Je constate aussi que l'article 33 prévoit une liste particulièrement longue d'habilitations du Gouvernement à légiférer par ordonnances. Certaines des mesures concernées étant particulièrement arides et techniques, je ne suis pas opposée à ce qu'elles soient prises par ordonnance plutôt que par la loi. D'autres évolutions, cependant, me paraissent relativement simples et susceptibles de faire l'objet d'un débat parlementaire classique. Comme vous le savez, notre Commission apprécie peu la multiplication des ordonnances. Êtes-vous ouvert à la conversion de certaines habilitations en dispositions « en dur », au sein du présent texte ? En outre, on lit curieusement à l'article 33 que le Gouvernement sollicite six mois pour prendre des ordonnances quand il laisse au Parlement un délai bien plus réduit pour voter la loi. Je vous demanderai donc des mesures d'harmonisation.

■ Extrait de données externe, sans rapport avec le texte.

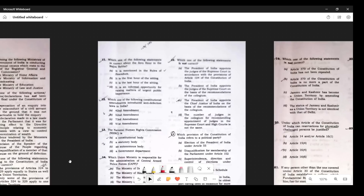Question 11: Which statement is correct about Zero Hour? Zero Hour in Rajya Sabha — the first hour of sitting is called Zero Hour. Question 12: Which constitutional amendment introduced anti-defection laws in India? Note that 'introduce' is written. Many people got confused and marked the 91st Amendment — that was when it was strengthened. It was introduced in the 52nd Amendment.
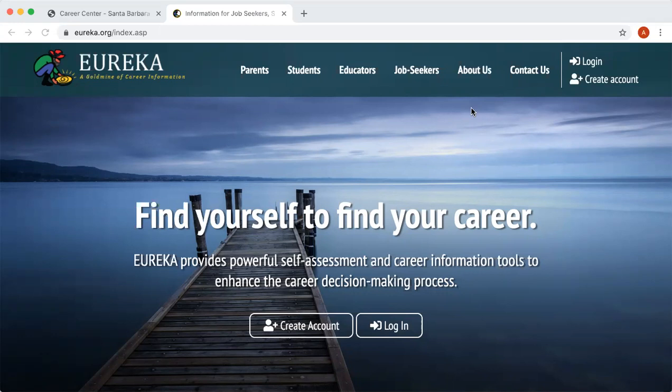In order to create your account, you have to go to the Eureka website, which is www.eureka.org. You could also visit the Santa Barbara City College Career Center website and click on our majors and careers tab. But the best way is just entering it in the URL — www.eureka.org. As you can see, I'm currently on the website right now.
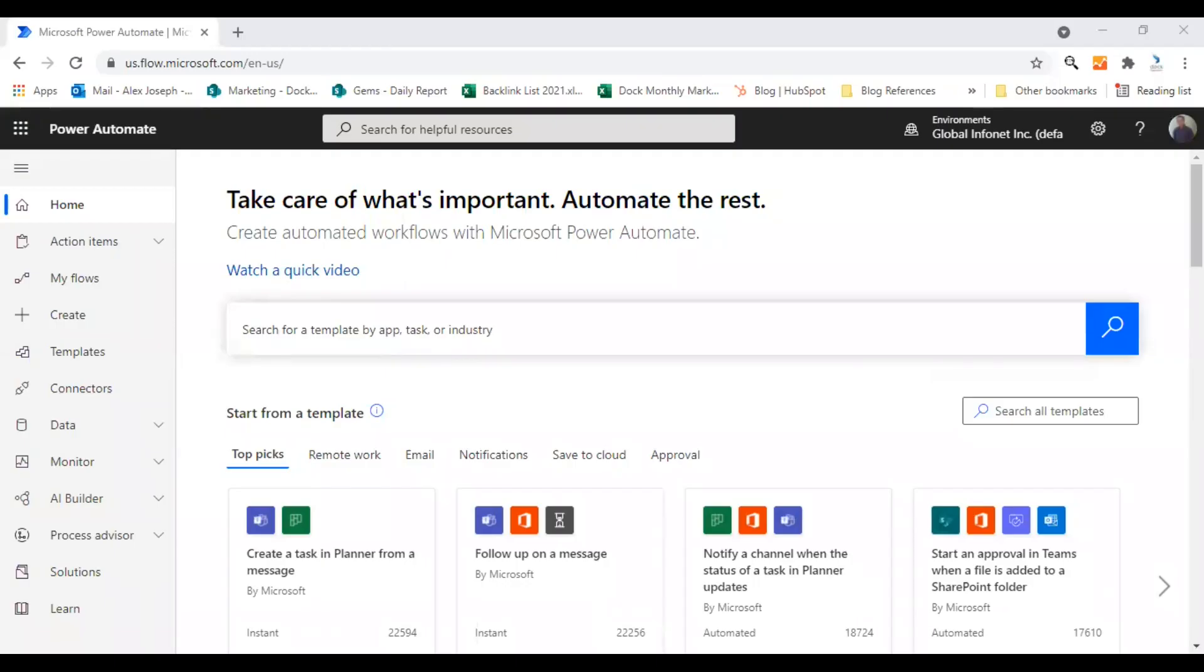Hello there, welcome to a new tutorial video of Doc365. Today we are going to show you how to create and organize your actions using a scope in Power Automate. As we all know, while creating large flows with a long list of actions, it is very complicated to sort your actions. You can avoid your flows from becoming complicated. Here is how you can do it.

Nous sommes conscients que les menaces qui pèsent sur la France justifient un renforcement des moyens dévolus aux services de la justice. Nous savons, monsieur le garde des Sceaux, que vous mettrez tout en oeuvre pour obtenir les crédits budgétaires nécessaires. Nous vous remercions d'ailleurs de l'avoir indiqué dès votre prise de fonctions. En ce qui concerne les moyens humains, vous savez pouvoir compter sur le dévouement sans faille des hommes et des femmes qui prennent part à l'institution judiciaire – magistrats, fonctionnaires et personnels de greffe. S'agissant enfin des moyens légaux, la commission des Lois saura prendre les responsabilités qui sont les siennes pour garantir aux citoyens une France plus sûre dans un monde incertain. Nous exercerons notre droit d'amendement en préservant l'économie générale du projet de loi ainsi que ses ambitions.